__The problem__. Transcribe the following entries word for word. End with the line where "Bezprzewodowe słuchawki sporto" appears.

(Collected data entries)
········

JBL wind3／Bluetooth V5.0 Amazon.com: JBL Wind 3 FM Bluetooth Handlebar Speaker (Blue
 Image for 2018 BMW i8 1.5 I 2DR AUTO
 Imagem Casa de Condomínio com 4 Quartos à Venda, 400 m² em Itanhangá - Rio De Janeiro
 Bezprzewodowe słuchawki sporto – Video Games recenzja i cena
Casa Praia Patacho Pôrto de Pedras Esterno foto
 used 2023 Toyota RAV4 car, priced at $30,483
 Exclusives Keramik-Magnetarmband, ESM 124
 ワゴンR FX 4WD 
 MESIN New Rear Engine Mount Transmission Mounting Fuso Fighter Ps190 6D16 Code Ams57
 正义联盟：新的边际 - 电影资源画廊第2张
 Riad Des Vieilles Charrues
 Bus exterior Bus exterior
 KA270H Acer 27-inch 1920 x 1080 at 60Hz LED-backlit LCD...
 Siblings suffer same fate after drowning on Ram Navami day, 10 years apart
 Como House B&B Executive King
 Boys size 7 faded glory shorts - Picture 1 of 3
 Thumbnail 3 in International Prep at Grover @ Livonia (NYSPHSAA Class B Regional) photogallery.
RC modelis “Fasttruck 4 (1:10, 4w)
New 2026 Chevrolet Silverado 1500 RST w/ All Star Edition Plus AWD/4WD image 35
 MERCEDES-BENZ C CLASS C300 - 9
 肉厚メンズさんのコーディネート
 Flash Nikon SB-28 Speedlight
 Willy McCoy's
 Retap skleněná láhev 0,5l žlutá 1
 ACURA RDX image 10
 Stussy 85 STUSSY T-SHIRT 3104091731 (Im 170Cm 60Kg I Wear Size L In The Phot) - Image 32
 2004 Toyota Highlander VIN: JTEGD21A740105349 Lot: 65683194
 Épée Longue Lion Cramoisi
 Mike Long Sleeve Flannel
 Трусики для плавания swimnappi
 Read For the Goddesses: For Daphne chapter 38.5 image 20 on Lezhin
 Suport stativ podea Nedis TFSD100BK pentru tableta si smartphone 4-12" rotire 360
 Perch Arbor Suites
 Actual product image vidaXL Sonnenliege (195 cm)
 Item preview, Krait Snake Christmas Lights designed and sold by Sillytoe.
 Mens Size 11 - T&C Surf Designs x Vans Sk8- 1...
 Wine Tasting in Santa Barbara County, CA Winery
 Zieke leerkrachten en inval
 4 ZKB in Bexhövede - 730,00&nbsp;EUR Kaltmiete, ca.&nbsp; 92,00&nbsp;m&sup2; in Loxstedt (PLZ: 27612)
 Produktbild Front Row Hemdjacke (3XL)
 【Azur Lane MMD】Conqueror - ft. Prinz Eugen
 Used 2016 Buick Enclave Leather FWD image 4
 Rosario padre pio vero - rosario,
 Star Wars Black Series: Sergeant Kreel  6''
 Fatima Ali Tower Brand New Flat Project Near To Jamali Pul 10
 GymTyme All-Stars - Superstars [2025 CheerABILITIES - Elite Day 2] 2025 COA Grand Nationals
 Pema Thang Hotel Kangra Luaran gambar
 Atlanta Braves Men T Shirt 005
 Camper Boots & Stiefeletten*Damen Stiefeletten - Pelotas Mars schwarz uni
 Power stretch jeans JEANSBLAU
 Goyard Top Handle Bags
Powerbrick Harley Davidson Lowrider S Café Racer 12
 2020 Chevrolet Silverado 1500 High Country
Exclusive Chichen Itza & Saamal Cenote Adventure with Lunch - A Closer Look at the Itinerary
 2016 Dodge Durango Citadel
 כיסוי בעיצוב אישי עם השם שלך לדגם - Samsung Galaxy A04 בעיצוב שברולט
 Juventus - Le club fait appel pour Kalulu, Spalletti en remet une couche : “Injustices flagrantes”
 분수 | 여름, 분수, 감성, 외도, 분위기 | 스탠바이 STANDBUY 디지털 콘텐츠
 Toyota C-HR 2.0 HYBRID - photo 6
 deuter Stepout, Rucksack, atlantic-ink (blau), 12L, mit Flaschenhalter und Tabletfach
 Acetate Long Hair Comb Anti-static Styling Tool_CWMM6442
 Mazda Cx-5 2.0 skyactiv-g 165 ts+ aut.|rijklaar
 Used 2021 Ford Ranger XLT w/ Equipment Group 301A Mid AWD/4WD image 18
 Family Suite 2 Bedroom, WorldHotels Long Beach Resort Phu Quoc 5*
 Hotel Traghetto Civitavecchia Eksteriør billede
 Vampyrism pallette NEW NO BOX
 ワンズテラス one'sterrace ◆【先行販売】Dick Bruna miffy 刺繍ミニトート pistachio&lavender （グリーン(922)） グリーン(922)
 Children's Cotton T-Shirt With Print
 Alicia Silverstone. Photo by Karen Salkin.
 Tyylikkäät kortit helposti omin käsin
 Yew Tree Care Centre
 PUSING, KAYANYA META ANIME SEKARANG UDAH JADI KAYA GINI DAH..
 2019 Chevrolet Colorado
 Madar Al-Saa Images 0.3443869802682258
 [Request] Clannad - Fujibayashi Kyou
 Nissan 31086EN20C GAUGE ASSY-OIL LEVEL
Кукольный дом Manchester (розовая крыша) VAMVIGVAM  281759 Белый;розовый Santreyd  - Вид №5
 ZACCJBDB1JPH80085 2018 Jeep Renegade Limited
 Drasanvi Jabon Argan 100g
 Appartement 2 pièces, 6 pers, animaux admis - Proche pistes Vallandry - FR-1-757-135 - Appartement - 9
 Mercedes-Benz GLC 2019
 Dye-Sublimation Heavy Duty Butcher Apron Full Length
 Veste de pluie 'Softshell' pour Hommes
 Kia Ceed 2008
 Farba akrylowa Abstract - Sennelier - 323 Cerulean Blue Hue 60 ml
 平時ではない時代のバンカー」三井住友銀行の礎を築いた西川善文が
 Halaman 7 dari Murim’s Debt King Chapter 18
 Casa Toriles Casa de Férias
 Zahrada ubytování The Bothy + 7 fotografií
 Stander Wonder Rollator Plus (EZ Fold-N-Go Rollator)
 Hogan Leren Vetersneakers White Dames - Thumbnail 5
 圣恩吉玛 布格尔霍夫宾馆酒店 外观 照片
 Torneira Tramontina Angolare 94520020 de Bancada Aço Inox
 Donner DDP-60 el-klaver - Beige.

········

__Your response__.
JBL wind3／Bluetooth V5.0 Amazon.com: JBL Wind 3 FM Bluetooth Handlebar Speaker (Blue
 Image for 2018 BMW i8 1.5 I 2DR AUTO
 Imagem Casa de Condomínio com 4 Quartos à Venda, 400 m² em Itanhangá - Rio De Janeiro
 Bezprzewodowe słuchawki sporto – Video Games recenzja i cena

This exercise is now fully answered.